Wherever I May Roam: Le Voyage de Kuro T.1 et 2 de Satoko Kiyuduki

La collection "Made In" de Kana est surtout connue pour Le Sommet des dieux de Jirô Taniguchi et Yumemakura Baku (qui n'est absolument pas réservé aux fondus d'alpinisme, un ignorant total dans cette discipline peut aussi trouver cette série passionnante) ou plus récemment Une Vie Chinoise de Pierre Ôtié et Li Kunwu. En creusant un peu, d'autres titres paraissent dignes d'intérêt. Notamment cet énigmatique Voyage de Kuro par une certaine Satoko Kiyuduki.

L'éditeur a choisi de nous présenter la série (qui semble encore "en cours" au Japon, mais dont le troisième tome reste encore invisible à l'horizon) en publiant simultanément les deux premiers tomes (les seuls disponibles, donc, si vous suivez bien) le 6 mai dernier. Le sous-titre, Histoire d'une itinérante, est une des choses qui a attiré mon attention. Ce n'est pas ce dessin typiquement japonais qui intrigue le plus, c'est plutôt une atmosphère qui se dégage de l'objet. Qui est cette jeune fille en costume sombre et qui porte cet énorme chapeau noir? Et surtout, que fait-elle avec ce cercueil dans le dos? Cela suffit à attiser la curiosité et il a fallu feuilleter un peu pour voir... Quelques pages en couleurs tamisées, des lieux, des personnages qui semblent composer un univers particulier dans lequel les curieux n'hésiteront pas à entrer.
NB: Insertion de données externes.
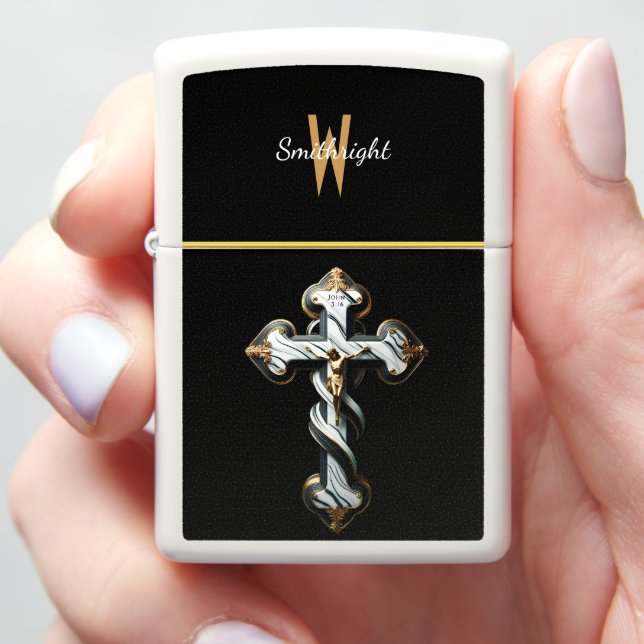 Ethereal Elegance: Black, White, and Gold Cross Zippo Lighter (In Hand)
On suit Kuro ("noir" en japonais, tiens, tiens), accompagnée de Sen, une chauve-souris dotée de la parole, sur des chemins qui semblent ne pas avoir commencé. Une nomade, une vagabonde, appelez-la comme vous voulez (hé hé), qui semble avoir un but et des tourments encore indéfinis qui vont avec. Ces deux voyageurs font jaser, est-elle une sorcière accompagnée par son animal familier, sont-ils dangereux, oui, ou peut-être, vaut mieux se méfier. Que renferme donc ce cercueil qu'elle porte en permanence sur son dos?
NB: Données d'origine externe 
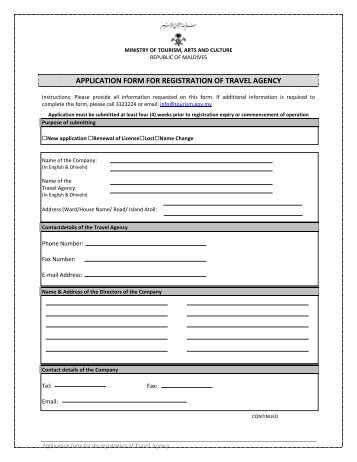 Application for Travel Agency Registration - English (PDF)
La rencontre et l'adoption de Nijuku et Sanju (respectivement "29" et "30"), deux petites filles jumelles enfermées par un professeur dont elles attendaient le retour (est-il mort? sont-elles des l'objet d'expériences scientifiques?) apportera espièglerie mais aussi d'autres mystères à leur parcours. D'une naïveté éclatante, Nijuku et Sanju découvre à leur propre surprise qu'elles possèdent des pouvoirs magiques. Autre particularité, humoristique celle-ci, est la tendance qu'ont Sen et Kuro à se chambrer, d'un côté le mauvais esprit de Sen et de l'autre la résignation habituée de Kuro. D'autres personnages récurrents feront leur apparition: une aviatrice, un motard et un autre voyageur à tête de chien...
Le manga se lit comme les autres, de droite à gauche, mais, attention, il faut s'y faire, verticalement, par colonnes. De plus, ellipses et flashbacks s'en mêlent et les épisodes ne sont pas chronologiques. Tout pour créer une sorte de confusion onirique dans laquelle on se laisse bercer, sans se douter que derrière cette naïveté apparente se dissimule quelque chose. Peu à peu le puzzle prend forme. Il n'est pas si simple de classer ce manga, de cerner à quel public il s'adresse. Aux curieux de tous âges, très certainement. Une petite découverte à faire pour ceux et celles qui veulent sortir un peu du convenu.
Si Tim Burton avait été japonais et mangaka, je ne pense pas qu'il soit déplacé de penser qu'il aurait pu créer un truc semblable au Voyage de Kuro. Pourtant Satoko Kiyuduki semble être beaucoup plus connu, là-bas, pour une série (trois volumes papier et 12 épisodes animés), non disponible en France, intitulée GA Geijutsuka Art Design Class (quelques infos peuvent être dénichées sur le Wikipedia en langue anglaise, ne cherchez pas en français, y'a que dalle). Elle illustre aussi des nouvelles et travaille beaucoup dans le domaine du jeu vidéo.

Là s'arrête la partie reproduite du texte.